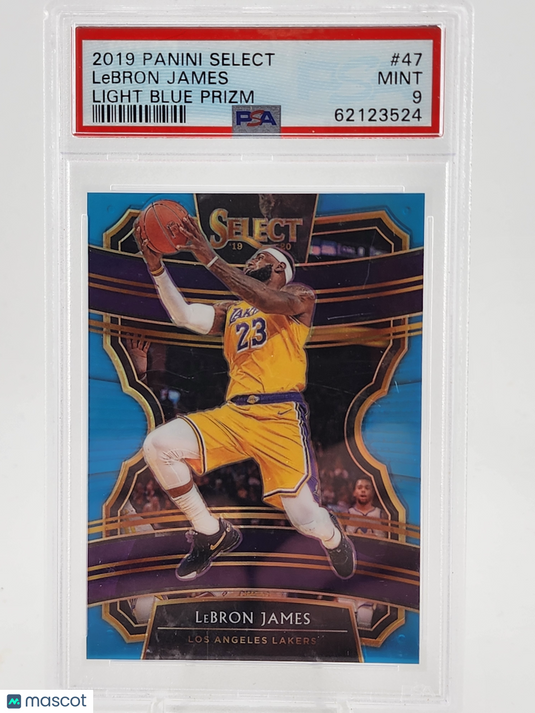 2019 Panini Select LeBron James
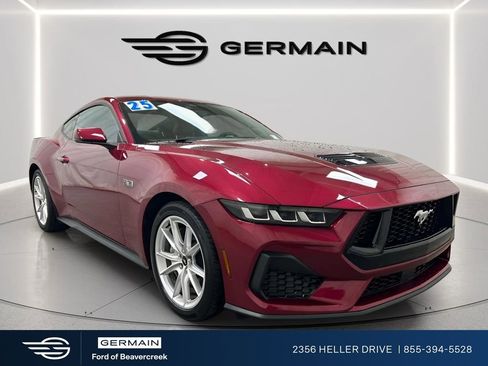 Certified 2025 Ford Mustang GT Premium image 1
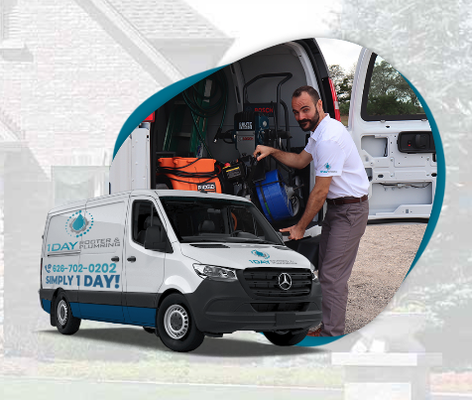 Our Core Values and Mission - At 1 Day Rooter & Plumbing, we understand that you have a lot of options when it comes to selecting a plumbing company. We also know that everyone might claim to be “the best plumbing company in town,” but we work to prove that we truly are the best local company.
It starts when we arrive at your home – when our technicians walk through your door. Each of our friendly technicians demonstrates our core values through:
Attentiveness, Honesty, Professionalism, Courtesy, Consideration, Friendly smiles, and We wear our pants the right way (sorry, no plumber butt cracks!)
Our technicians walk the walk. We arrive with a smile, answer all of your questions, clean up after ourselves, and make sure that we leave your home in the same condition as we found it. Our Core Values and Mission - At 1 Day Rooter & Plumbing, we understand that you have a lot of options when it comes to selecting a plumbing company. We also know that everyone might claim to be “the best plumbing company in town,” but we work to prove that we truly are the best local company.
It starts when we arrive at your home – when our technicians walk through your door. Each of our friendly technicians demonstrates our core values through:
Attentiveness, Honesty, Professionalism, Courtesy, Consideration, Friendly smiles, and We wear our pants the right way (sorry, no plumber butt cracks!)
Our technicians walk the walk. We arrive with a smile, answer all of your questions, clean up after ourselves, and make sure that we leave your home in the same condition as we found it.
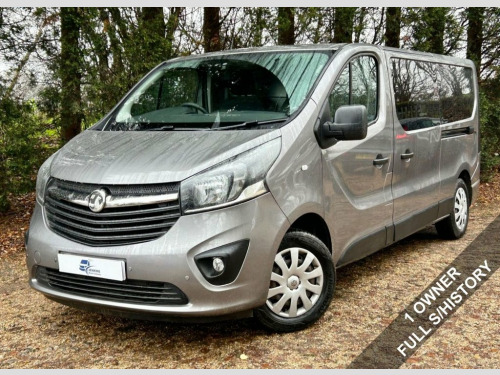Vauxhall Vivaro  Sportive 2900 L2 LWB 1.6CDTi BiTurbo ecoTEC Euro 6 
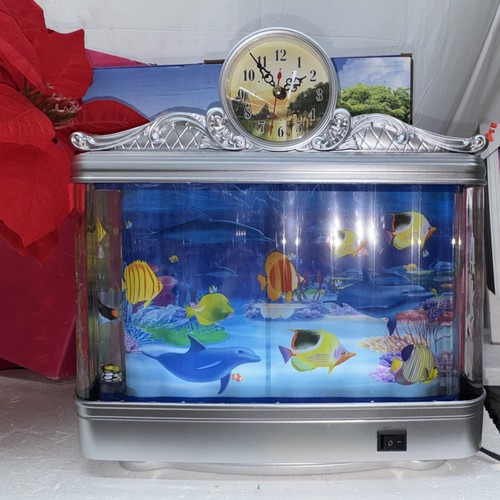 Bowfront acrylic aquarium - aquarium, tank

###

Requirement
Restate the whole listing word for word. Omit the pictures.

Result
 2019 Panini Select LeBron James
 Certified 2025 Ford Mustang GT Premium image 1
 Our Core Values and Mission - At 1 Day Rooter & Plumbing, we understand that you have a lot of options when it comes to selecting a plumbing company. We also know that everyone might claim to be “the best plumbing company in town,” but we work to prove that we truly are the best local company.
It starts when we arrive at your home – when our technicians walk through your door. Each of our friendly technicians demonstrates our core values through:
Attentiveness, Honesty, Professionalism, Courtesy, Consideration, Friendly smiles, and We wear our pants the right way (sorry, no plumber butt cracks!)
Our technicians walk the walk. We arrive with a smile, answer all of your questions, clean up after ourselves, and make sure that we leave your home in the same condition as we found it. Our Core Values and Mission - At 1 Day Rooter & Plumbing, we understand that you have a lot of options when it comes to selecting a plumbing company. We also know that everyone might claim to be “the best plumbing company in town,” but we work to prove that we truly are the best local company.
It starts when we arrive at your home – when our technicians walk through your door. Each of our friendly technicians demonstrates our core values through:
Attentiveness, Honesty, Professionalism, Courtesy, Consideration, Friendly smiles, and We wear our pants the right way (sorry, no plumber butt cracks!)
Our technicians walk the walk. We arrive with a smile, answer all of your questions, clean up after ourselves, and make sure that we leave your home in the same condition as we found it.
Vauxhall Vivaro  Sportive 2900 L2 LWB 1.6CDTi BiTurbo ecoTEC Euro 6 
 Bowfront acrylic aquarium - aquarium, tank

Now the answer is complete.